I am the space between my thighs, daylight shining through.
I am the bones they want, wired on a porcelain frame.
Lia and Cassie were best friends, wintergirls frozen in matchstick bodies. But now Cassie is dead. Lia's mother is busy saving other people's lives. Her father is away on business. Her step-mother is clueless. And the voice inside Lia's head keeps telling her to remain in control, stay strong, lose more, weigh less. If she keeps on going this way—thin, thinner, thinnest—maybe she'll disappear altogether.

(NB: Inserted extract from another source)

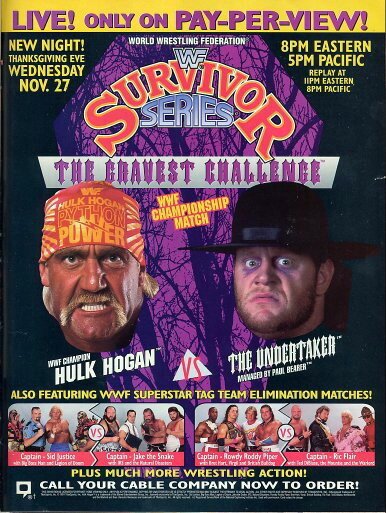 Смотреть фильм WWF Серии на выживание / Survivor Series (1991) онлайн в хорошем качестве HDRip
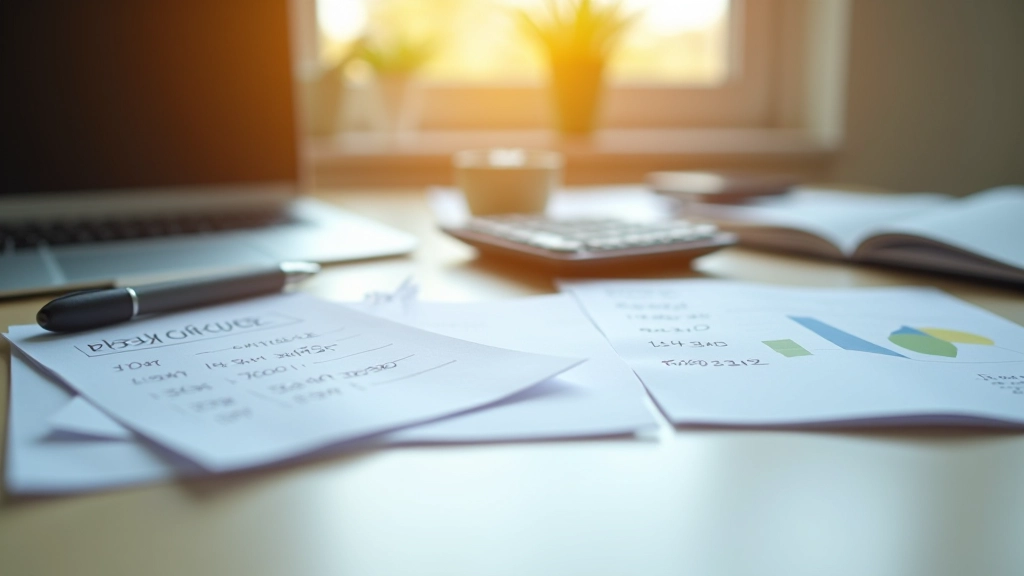 Kalkulačka s výtiskem čísel a poznámkami o výdajích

In her most emotionally wrenching, lyrically written book since the National Book Award finalist Speak, best-selling author Laurie Halse Anderson explores one girl's chilling descent into the all-consuming vortex of anorexia. {goodreads.com}
This is my third novel by Laurie Halse Anderson that I have read and she's done it again, completely shocked and blown me away. This woman's ability to write is like nothing else. She has the ability to take a character's voice, make it their own, and really project it through the pages at you. I found myself completely engulfed by the desperate, yet hauntingly sour thoughts of Lia - the dead girl walking.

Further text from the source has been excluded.